Birdie Buddy () is a South Korean television series set in the world of professional golf. Based on the 2007 comic series of the same title by Lee Hyun-sae, it starred Uee, Lee Yong-woo and Lee Da-hee.

The drama was pre-produced in 2010 (filmed completely before broadcast), and initially expected to air on MBC in December 2010, but the network decided not to give it a timeslot. After several postponements, it aired on cable channel tvN from August 8 to October 25, 2011 on Mondays and Tuesdays at 23:00 (KST). But instead of the original 20 episodes of 70 minutes each, it was re-edited into 24 episodes spanning 45 minutes each.

Synopsis
Sung Mi-soo (Uee) is a cheerful, humble country girl from Gangwon Province. She comes from a poor family, and her mother used to work as a caddie. With her bright personality and determined efforts, Mi-soo is striving to become a professional golf player.

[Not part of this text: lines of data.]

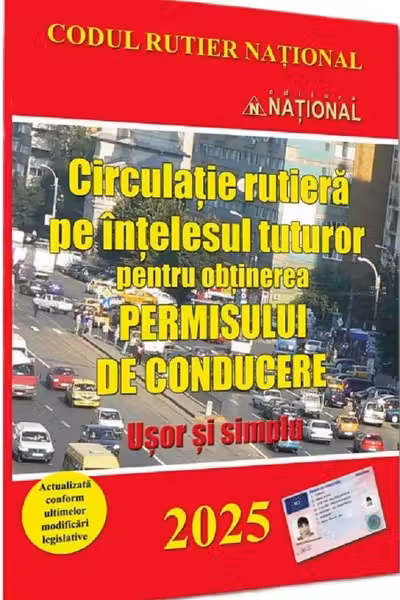 Circulație rutieră pe înțelesul tuturor pentru obținerea permisului de conducere. 2025 Ușor și simplu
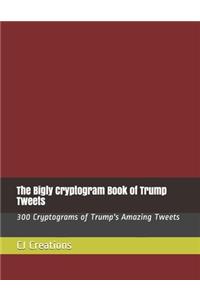 The Bigly Cryptogram Book of Trump Tweets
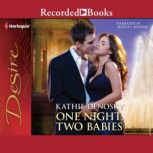 One Night, Two Babies, Kathie Denosky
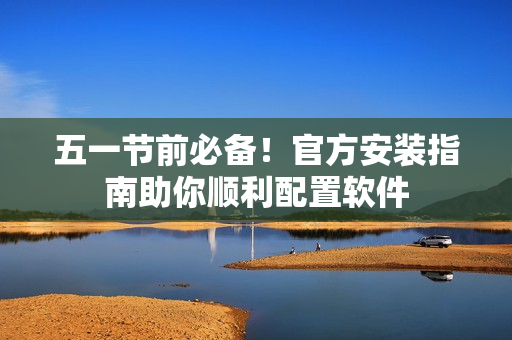 五一节前必备！官方安装指南助你顺利配置软件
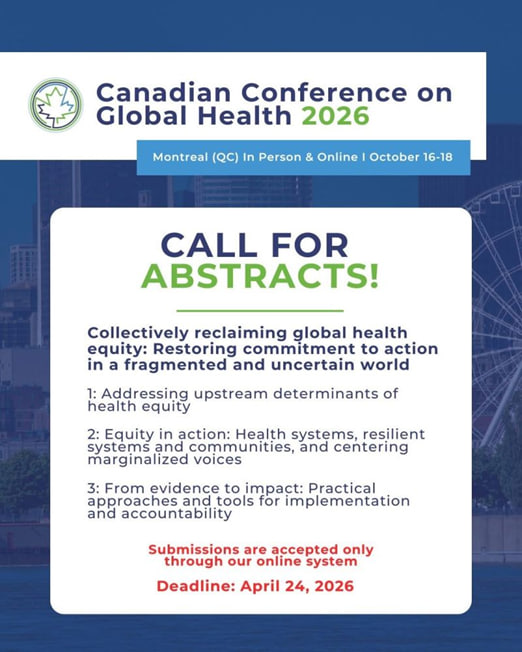 Appel à abstracts : Canadian Conference on Global Health 2026 (CCGH) – Montréal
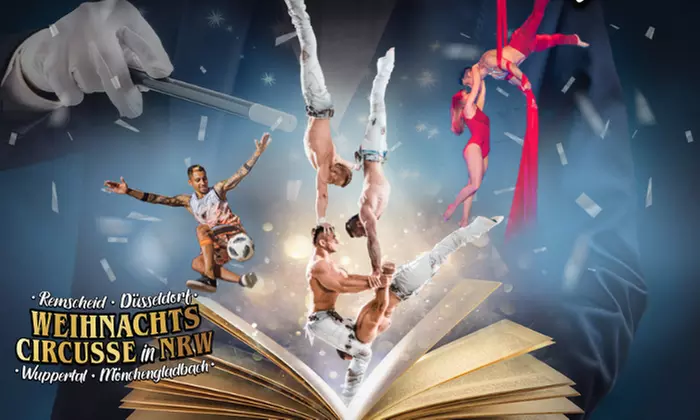 Weihnachtscircus in Düsseldorf, Mönchengladbach und Wuppertal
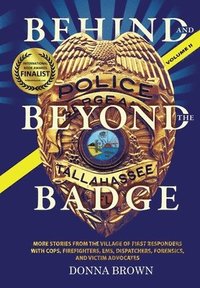 bokomslag BEHIND AND BEYOND THE BADGE - Volume II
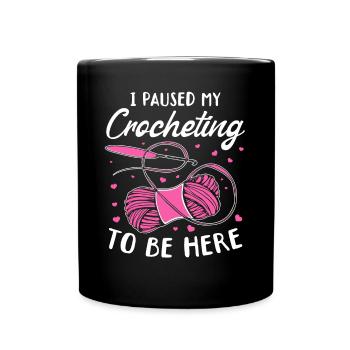 I Paused My Crocheting To Be Here - Funny Crochete - Tasse einfarbig - Schwarz - Vorne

On the other hand, Min Hae-ryung (Lee Da-hee) is an elite athlete who has been groomed for professional golf since a young age. Placed in the best environment to play golf, Hae-ryung's emotions are always controlled and she has a deep emotional wound inside of her.

These two girls from different backgrounds share the same dream of being the next top golfer, a dream that leads them to former pro golfer John Lee (Lee Yong-woo).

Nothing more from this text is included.